# EXERCISE REQUIREMENTS
After finding the line containing "Banquette d'angle de" below, please output that line and each following one through the line containing "Nuovo innamorato con", exactly as written.

[[ MATERIAL TO PROCESS open ]]

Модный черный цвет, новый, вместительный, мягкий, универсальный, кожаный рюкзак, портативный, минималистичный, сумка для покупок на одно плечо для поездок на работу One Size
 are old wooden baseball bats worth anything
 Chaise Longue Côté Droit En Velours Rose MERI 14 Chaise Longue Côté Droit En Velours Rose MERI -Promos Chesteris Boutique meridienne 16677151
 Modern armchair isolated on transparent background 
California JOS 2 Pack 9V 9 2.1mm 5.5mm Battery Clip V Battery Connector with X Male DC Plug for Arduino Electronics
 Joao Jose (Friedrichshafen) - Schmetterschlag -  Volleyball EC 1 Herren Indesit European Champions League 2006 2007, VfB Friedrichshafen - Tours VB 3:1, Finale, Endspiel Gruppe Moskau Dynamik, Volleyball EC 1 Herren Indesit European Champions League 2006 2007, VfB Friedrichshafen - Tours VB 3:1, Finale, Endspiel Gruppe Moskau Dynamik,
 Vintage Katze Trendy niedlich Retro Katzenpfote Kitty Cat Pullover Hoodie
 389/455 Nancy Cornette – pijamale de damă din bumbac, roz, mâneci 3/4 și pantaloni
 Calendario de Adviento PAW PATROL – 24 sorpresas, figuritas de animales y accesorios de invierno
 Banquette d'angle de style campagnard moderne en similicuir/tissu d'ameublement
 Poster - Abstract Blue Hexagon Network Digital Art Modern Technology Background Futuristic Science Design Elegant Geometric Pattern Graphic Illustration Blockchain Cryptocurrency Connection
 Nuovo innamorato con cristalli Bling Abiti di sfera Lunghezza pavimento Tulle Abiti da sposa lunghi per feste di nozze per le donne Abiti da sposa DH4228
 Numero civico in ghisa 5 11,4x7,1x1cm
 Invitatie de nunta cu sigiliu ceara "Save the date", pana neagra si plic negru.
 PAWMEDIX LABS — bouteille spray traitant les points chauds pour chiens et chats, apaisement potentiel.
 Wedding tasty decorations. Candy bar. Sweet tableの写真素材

[[ MATERIAL TO PROCESS closed ]]

# ANSWER TO THIS EXERCISE
 Banquette d'angle de style campagnard moderne en similicuir/tissu d'ameublement
 Poster - Abstract Blue Hexagon Network Digital Art Modern Technology Background Futuristic Science Design Elegant Geometric Pattern Graphic Illustration Blockchain Cryptocurrency Connection
 Nuovo innamorato con cristalli Bling Abiti di sfera Lunghezza pavimento Tulle Abiti da sposa lunghi per feste di nozze per le donne Abiti da sposa DH4228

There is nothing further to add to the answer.